Who Decided Bush Was a Problem?
Rejection and the politics of pubic hair
Lexus got rejected by a customer the other night. Apparently her bush was “too big”.
Any derogatory comment on your appearance when you’re naked under neon lights stings — I won’t pretend it doesn’t. And Lexus was naturally upset. In true Lexus fashion she turned to the hip flask in her locker and got absolutely hammered, spending the rest of the night showing her vagina to anyone in the dressing room who would look, demanding an honest assessment.
“Is it actually that big?”
“Be honest”
“No, actually be honest”
“Men are just c%&*!”
In our club (and most others I would imagine), the norm is definitely no hair at all or a small landing strip.
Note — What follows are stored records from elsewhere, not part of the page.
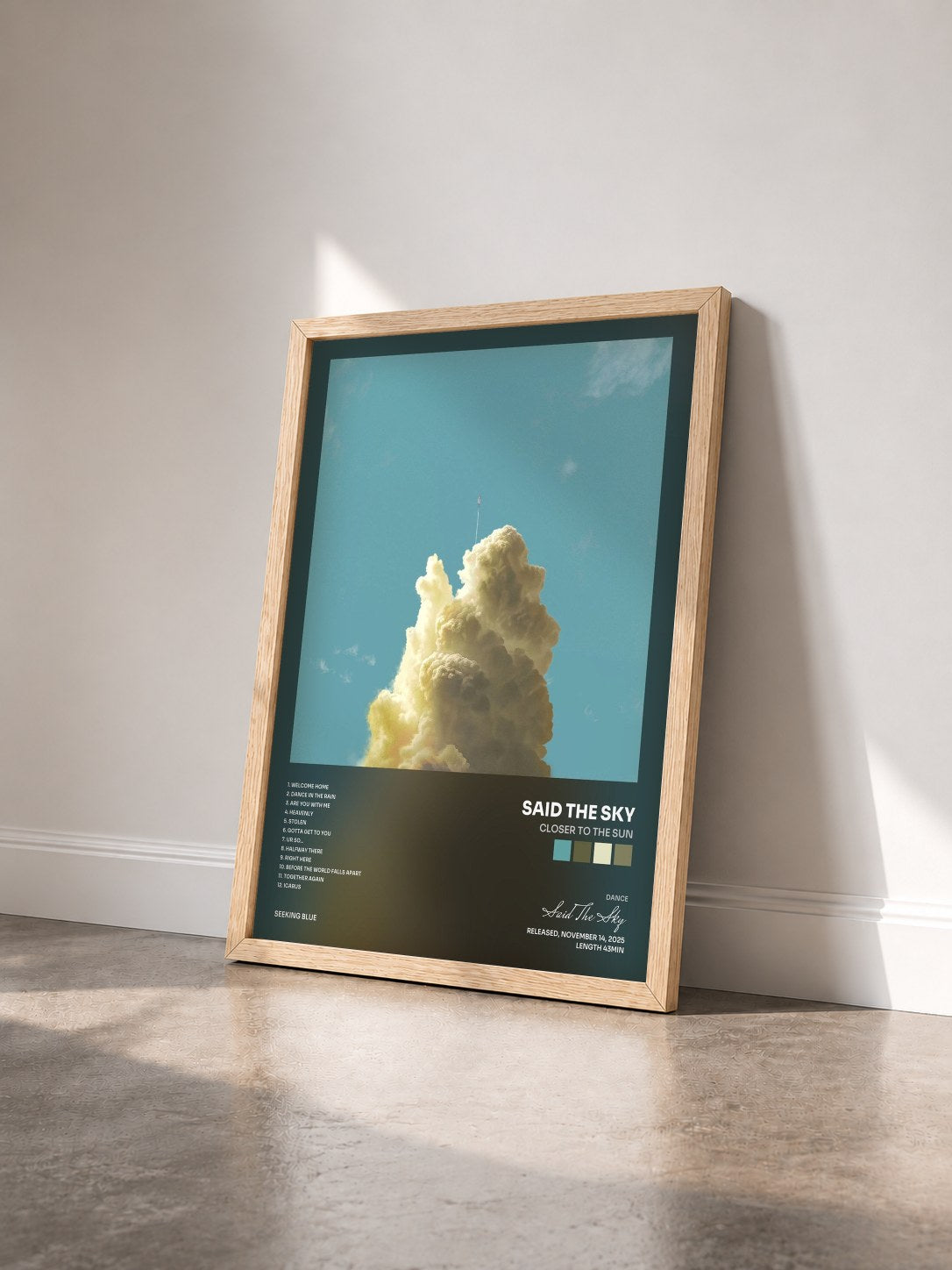#bois Tableau de l'album Closer To The Sun de Said The Sky vu de trois quarts, cadre en bois brut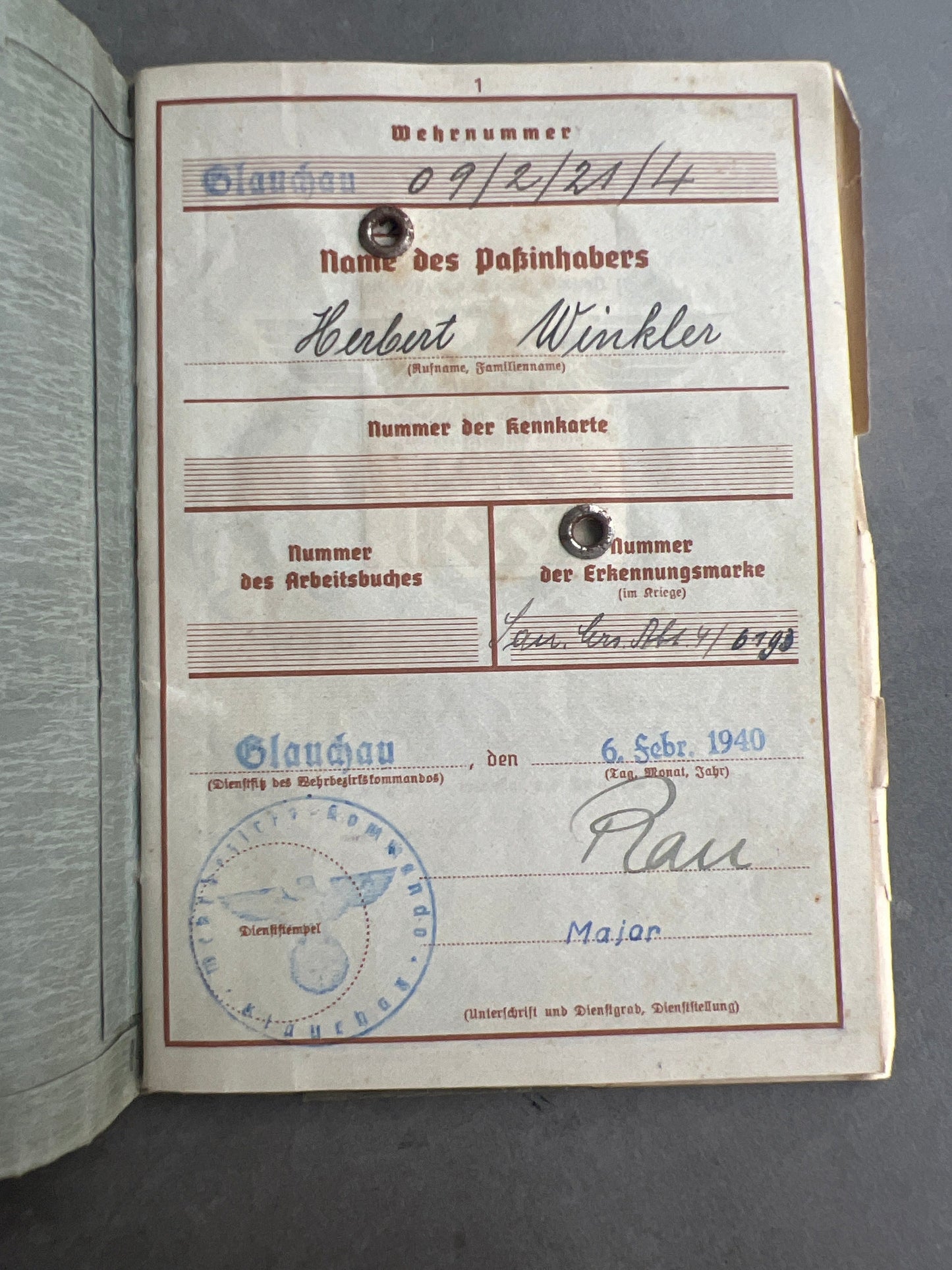 WW2 Tysk Wehrmacht Sanitäter Wehrpass i Mindeomslag, med hans dødsannonce, dødsattest mv.. Sjælden. Original.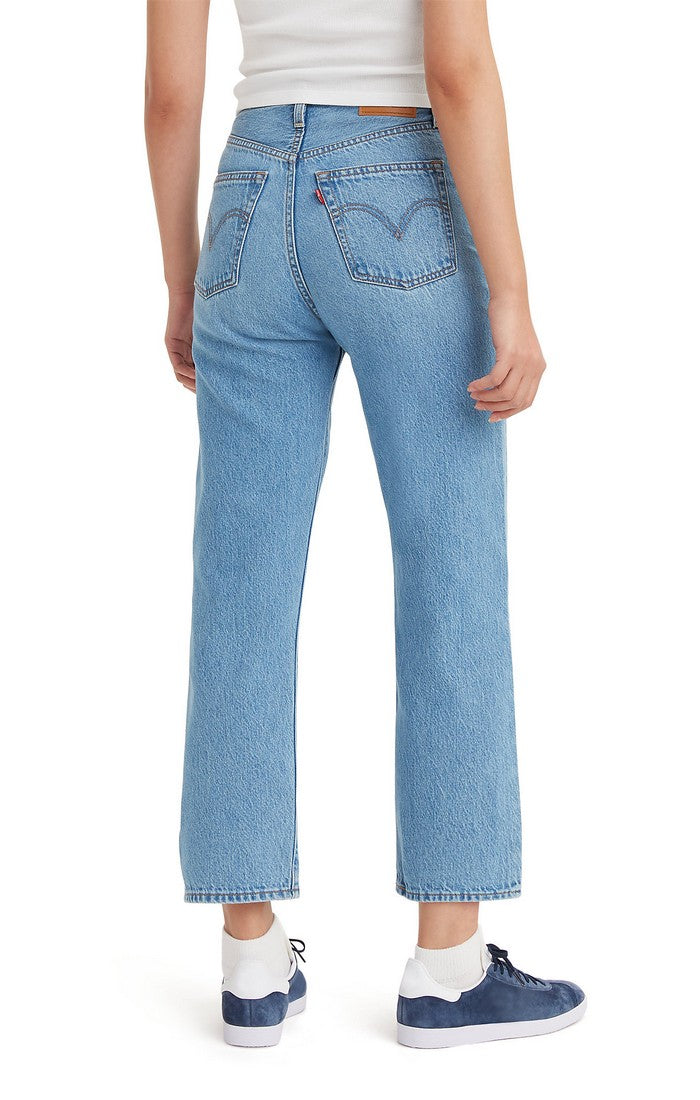 Levi's Ribcage Ankle Jeans In The Middle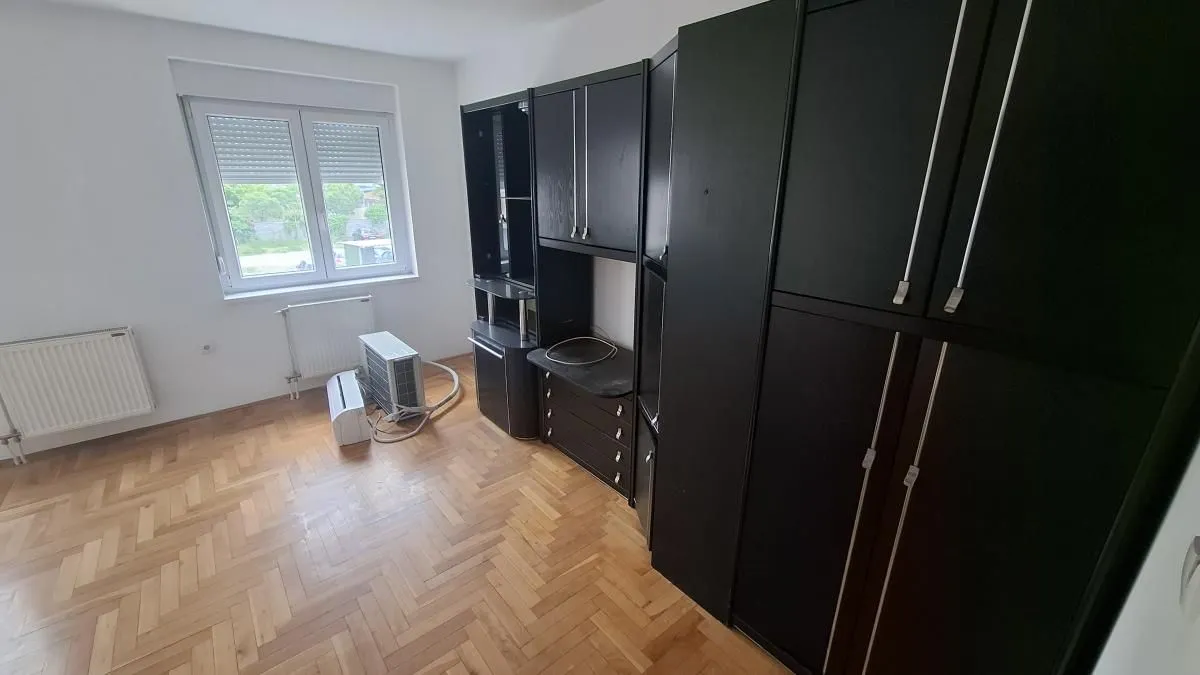 Izdavanje, dvosoban stan, 67m², Nova Detelinara, Novi Sad Sve Podlokacije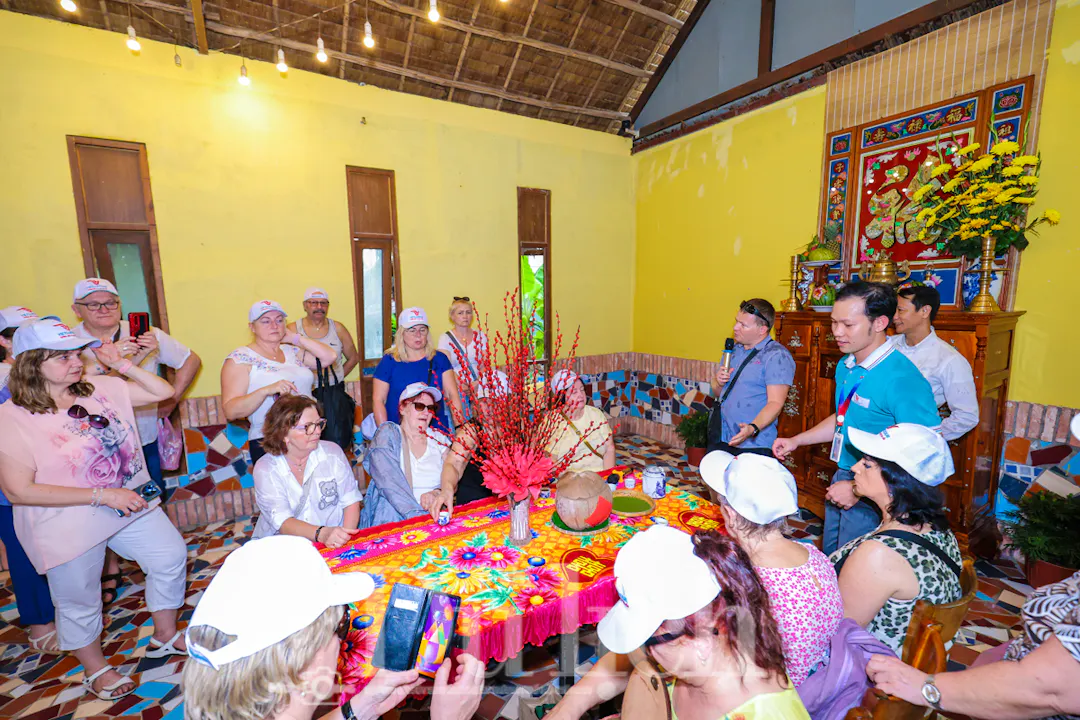 Immersive Cultural Activities for Foreigners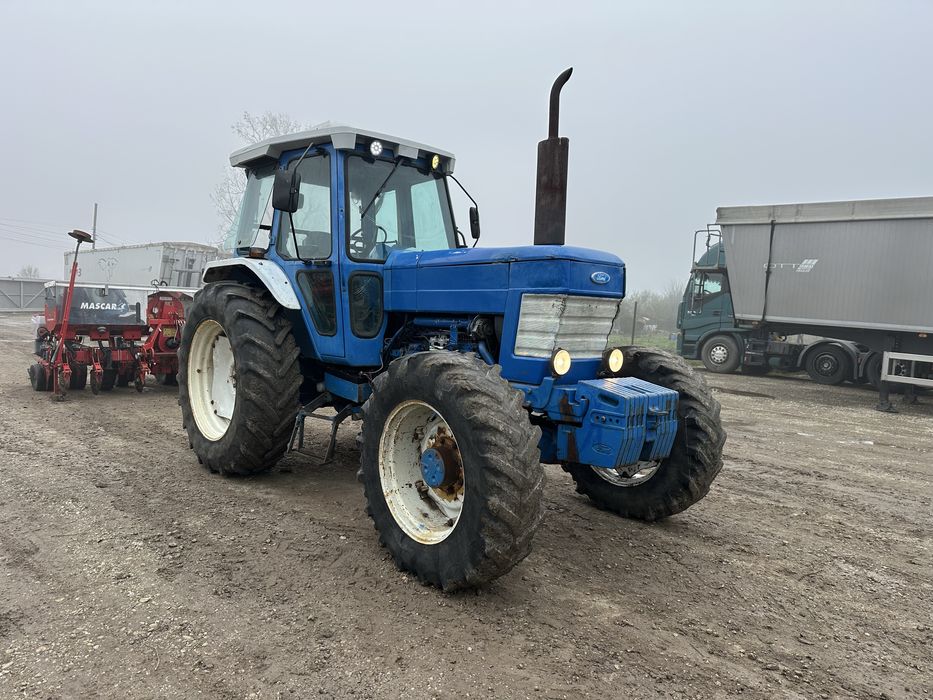 Tractor FORD 7910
That’s just the baked in culture. Partly by design and partly practical — there is nothing less glamorous than a stray pubic hair making it’s appearance outside your G-string mid shift.
But the maintenance side of it all is pretty close to a part time job.
Things like laser hair therapy have considerably lightened the load but there is still so much upkeep. Waxing, shaving, plucking ingrown hairs, grappling skin irritation. It’s finicky admin.
Personally, I have a modest strip. I don’t like the completely bare look and I also hate trends. They always feel suspicious and coercive to me so I do my best to put a (tiny) rebellious foot forward. Also, what if the full 70’s bush comes back into fashion? Then what? All that laser would have been for nothing.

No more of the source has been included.